■ **Task goal**
Images are not part of the copy; write out the rest of the data exactly as given.
-- Input data follows --
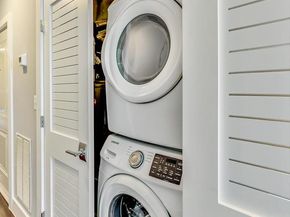 525 Kennedy Street NW 6, Washington DC 20011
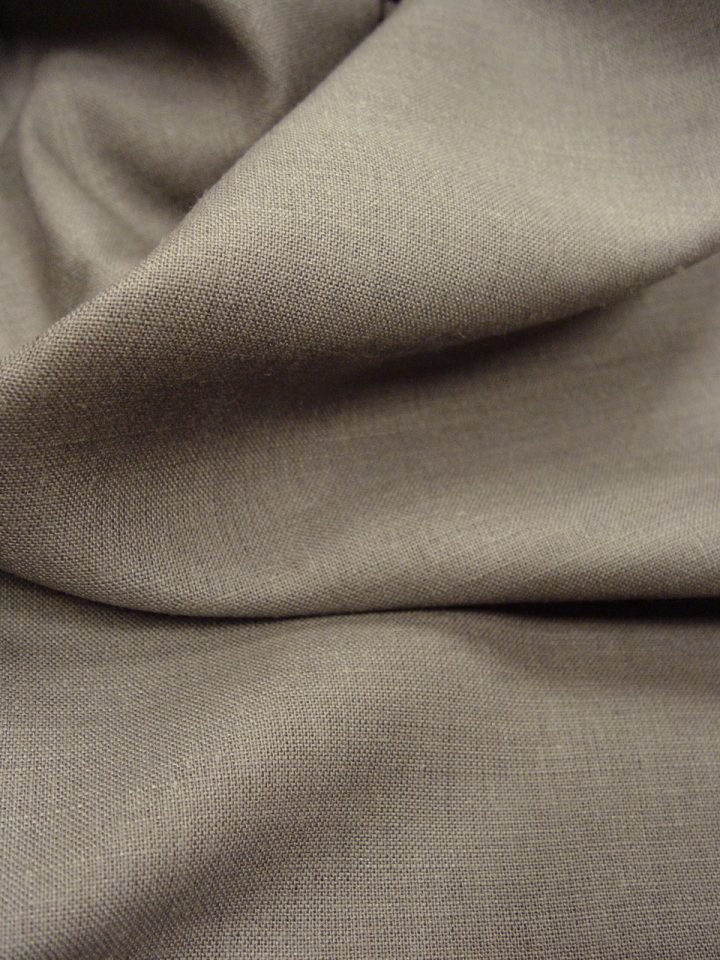 Tissus Lin: Lin Mélangé Pour Nappes Et Rideaux – Gris intérieur Tissus Lin Pour Rideaux Tissus Lin: Lin Mélangé Pour Nappes Et Rideaux – Gris intérieur Tissus Lin Pour Rideaux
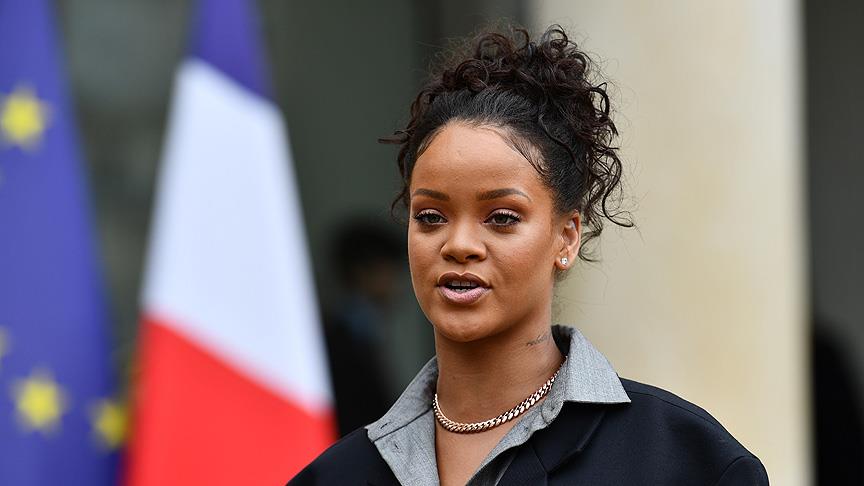rihanna ucuncu kez anne oldu ilk kare paylasildi rocki irish mayers ismi herkesi sasirtti nEjkFUlq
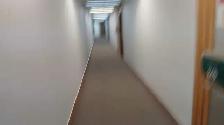 peintre recherche travail urgent extérieur et intérieur - Photo 3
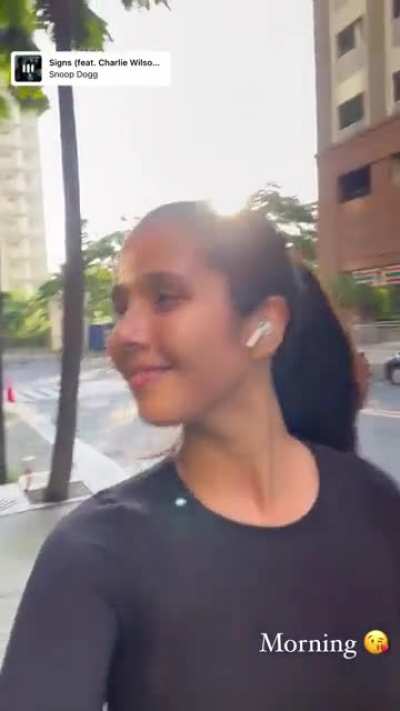 Maxene Magalona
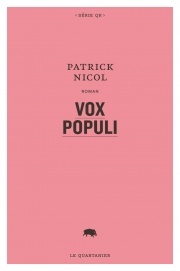 Vox populi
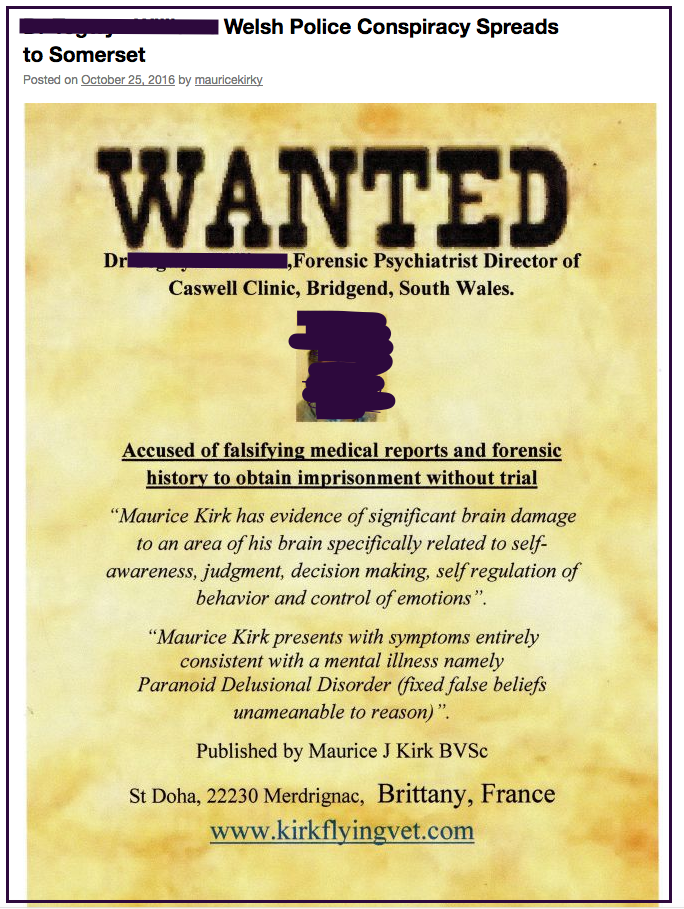 maurice-kirk-wanted-poster-2016-11-23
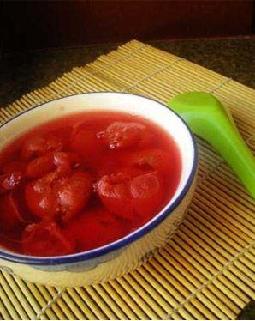 ɽ�������������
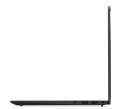 Lenovo Ultrabook ThinkPad X1 Carbon G13 21NX006PPB W11Pro Ultra 7 265U/64GB/1TB/INT/14.0 2.8K/Touch/Black/vPro/3YRS Premier Support Plus + CO2 Offset
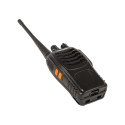 24-928# Radiotelefon pmr bf-888s 2w 2szt baofeng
-- Input data concluded --
■ **Task output**
 525 Kennedy Street NW 6, Washington DC 20011
 Tissus Lin: Lin Mélangé Pour Nappes Et Rideaux – Gris intérieur Tissus Lin Pour Rideaux Tissus Lin: Lin Mélangé Pour Nappes Et Rideaux – Gris intérieur Tissus Lin Pour Rideaux
rihanna ucuncu kez anne oldu ilk kare paylasildi rocki irish mayers ismi herkesi sasirtti nEjkFUlq
 peintre recherche travail urgent extérieur et intérieur - Photo 3
 Maxene Magalona
 Vox populi
 maurice-kirk-wanted-poster-2016-11-23
 ɽ�������������
 Lenovo Ultrabook ThinkPad X1 Carbon G13 21NX006PPB W11Pro Ultra 7 265U/64GB/1TB/INT/14.0 2.8K/Touch/Black/vPro/3YRS Premier Support Plus + CO2 Offset
 24-928# Radiotelefon pmr bf-888s 2w 2szt baofeng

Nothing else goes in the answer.